Чувство сострадания овладело душою доброго Вальдена. Упав на колена, он говорил: ‘Любезная матушка! заклинаю вас именем чести и добродетели! укрепитесь! одна минута слабости помрачит славу целой жизни!’ — ‘Злодей!’ вскричала Юлия, бросив на него яростный взор: ‘теперь я узнала тебя! ты хотел погубить меня! злость твоя приготовила эту минуту слабости! ты хотел торжествовать, несчастный! прочь с глаз моих!’ Будучи уверена, что Вальден насмеялся над нею и разрываясь от досады, она продолжала: ‘Так, злодей! я любила тебя, но теперь ненавижу, буду гнать тебя до гроба. Что я говорю? я никогда не любила тебя, сумасшедший! прочь с глаз моих!’
Вальден с ужасом смотрел на сверкающие глаза, на синие губы разъяренной женщины. ‘Угодно ли вам выслушать меня?’ сказал он хладнокровно, бросив на нее значительной взгляд, который показался Юлии презрительным. ‘Ты должен будешь признаться, что ты хотел соблазнить меня’, прервала Юлия: ‘и что ты любил меня!’— ‘Так!’ отвечал Вальден еще с большим хладнокровием: ‘я любил вас, милостивая государыня! не принуждайте ж меня теперь презирать вас. Я любил, но не для того, чтобы сделаться вторым Эдипом!’
В сию минуту входит старый Вальден. ‘О Боже!’ вскричала Юлия, и упала на грудь подошедшего к себе мужа, который, грозно взглянув на сына, спросил: ‘что это значит?’ Несчастный молчал.
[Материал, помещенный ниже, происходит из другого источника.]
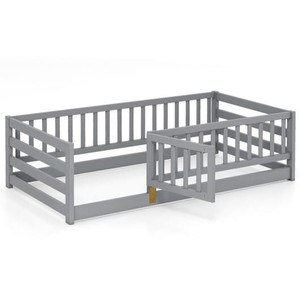 Twin Size Floor Bed with High Fence and Door Playhouse for Kids-Gray - Color: Gray - Size: Twin Size D681-HU11140GY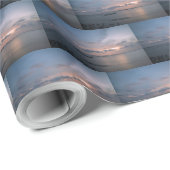 Papier Cadeau Coucher de soleil à la plage (Coin rond)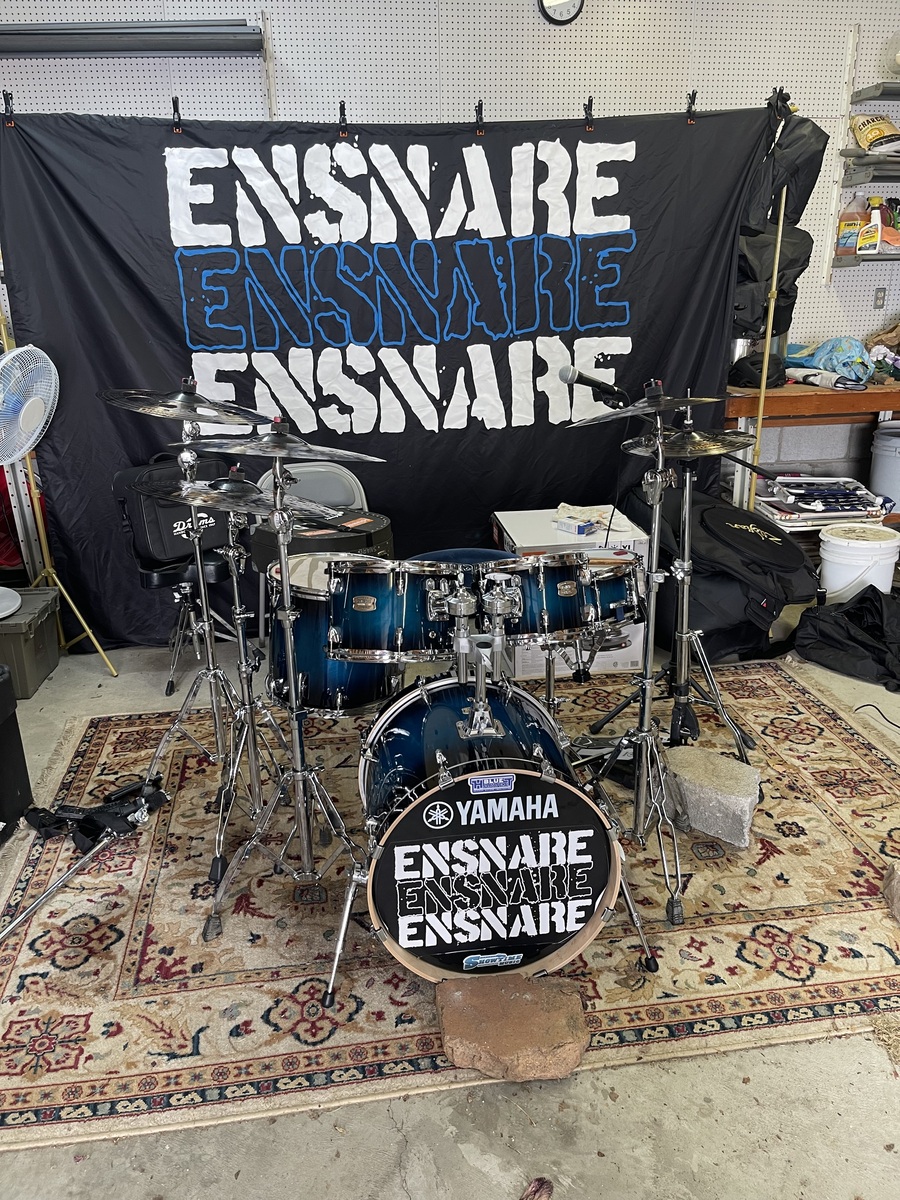 Meinl Drum Kit by samedsall featuring Yamaha Stage Custom Birch 5-Piece Shell Pack, Meinl Cymbals Classics Custom Dark Set - 14/16/20 inch - with Free 18 inch Crash, and Meinl 18" Classics Custom Dark Trash Crash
Юлия с поспешностью отвечала: ‘Ты говорил правду, друг мой! он злодей! он вломился ко мне в комнату и… нет сил докончить’. Старый Вальден выхватив шпагу, бросился на сына и вскричал: ‘это последнее твое злодейство, чудовище!’ Молодой Вальден обезоружил отца, сказав: ‘убивать людей не похвально, вы сами после стали бы раскаиваться’, взглянул на Юлию с презрением, бросил к ногам ее шпагу отца своего и вышел. Старик хотел было догонять, но Юлия упала перед ним на колени и со слезами просила остаться. Ей удалось успокоить мужа и уговорить его послать сына в заточение на мызу в нашу деревню, без дальних расспросов изысканий. Она трепетала, опасаясь, что бы молодой Вальден не обличил ее письмами, которые к нему писала.
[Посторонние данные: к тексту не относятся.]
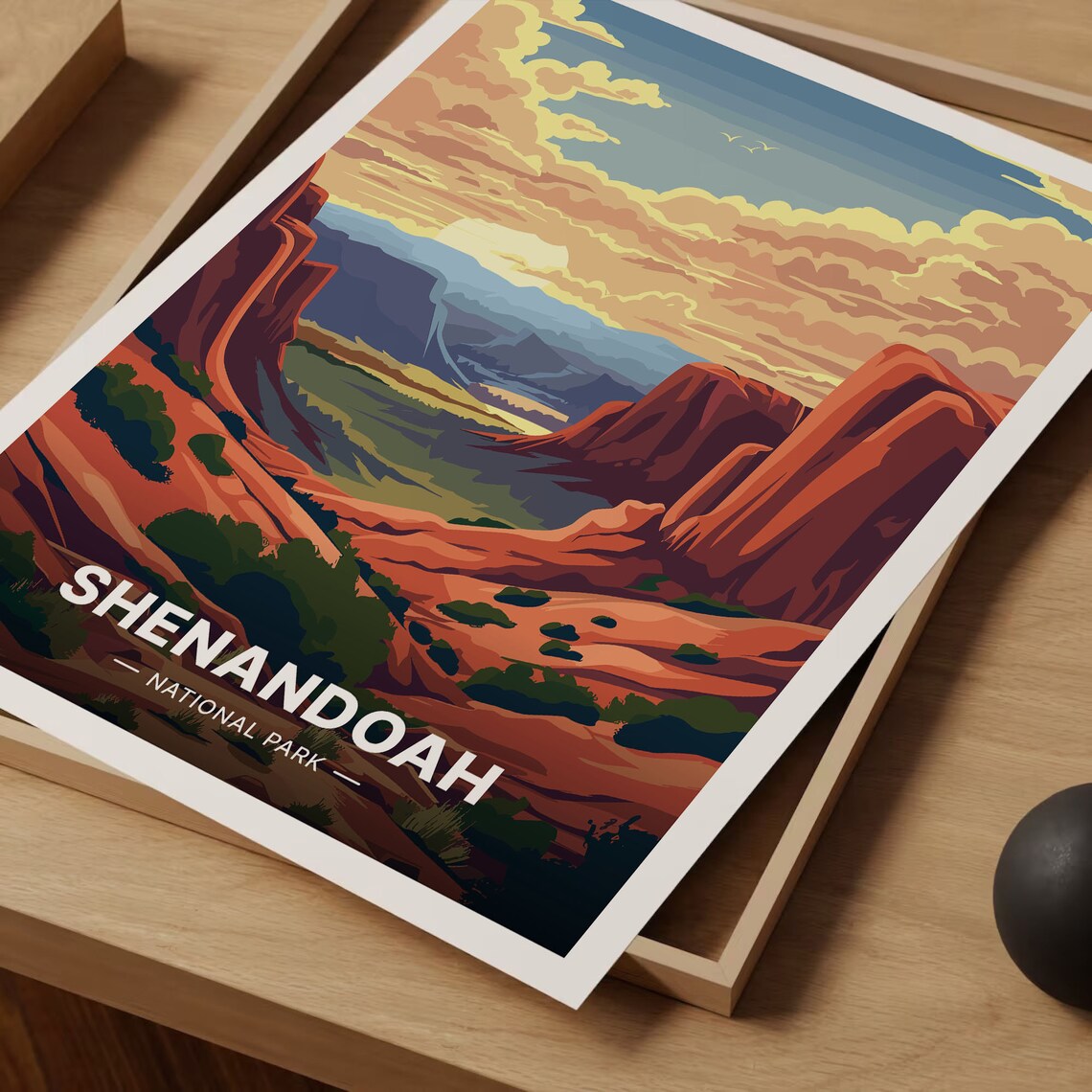 Shenandoah National Park Canyon Sunset Landscape Travel Poster - Image 3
В тот же час камердинер объявил ему повеление родительское немедленно отправиться на мызу, с запрещением не только казаться на глаза старому Вальдену, но даже писать к нему. Несчастный изгнанник знал, чего Юлия боялась, он собрал все ее письма и записки, запечатал их и надписал на конверте: ‘не бойтесь, сударыня! я желал бы, чтоб вы более боялись вашего сердца, нежели сих бумаг’. Не медля ни часа, он отправился на мызу, вслед за ним летела молва разглашающая, что он хотел соблазнить мачеху и вынимал против отца шпагу.
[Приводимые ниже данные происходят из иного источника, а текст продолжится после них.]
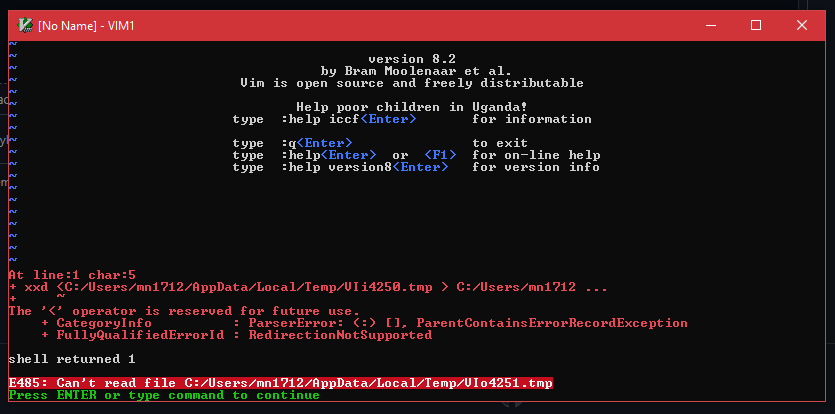 Vim install by scoop encountered an error when using the command ...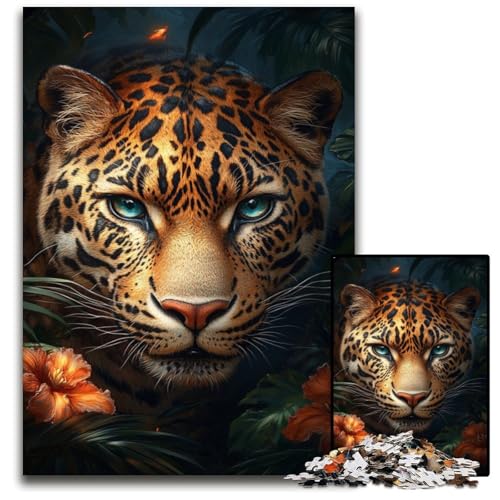 Puzzle 1000 Teile für Erwachsene oder Familien, Dschungel-Leopard, Holzpuzzle, DIY-Heimdekoration, Denkspiel für Teenager, 50x75cm von JIANGENNF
Вальден убегал людей, потому что все смотрели на него с омерзением. Отец лишил его наследства. С тех пор несчастный жил в нашей деревне и по большой части проводил время в любимой буковой роще, среди которой выстроил для себя маленькой домик. На дверях висела доска с надписью из Антигоны: ‘Много есть ужасного, но человек ужаснее всего на свете’. Вальден редко показывался людям и еще реже говорил с ними, науки искусства и садоводство составляли все его упражнение…

(С немецкого.)

——

[Лафонтен А.Г.Ю.] Гонимый судьбою: (С немецкаго): (Окончание) / [Пер. М.Т.Каченовского] // Вестн. Европы. — 1805. — Ч.20, N 8. — С.261-295.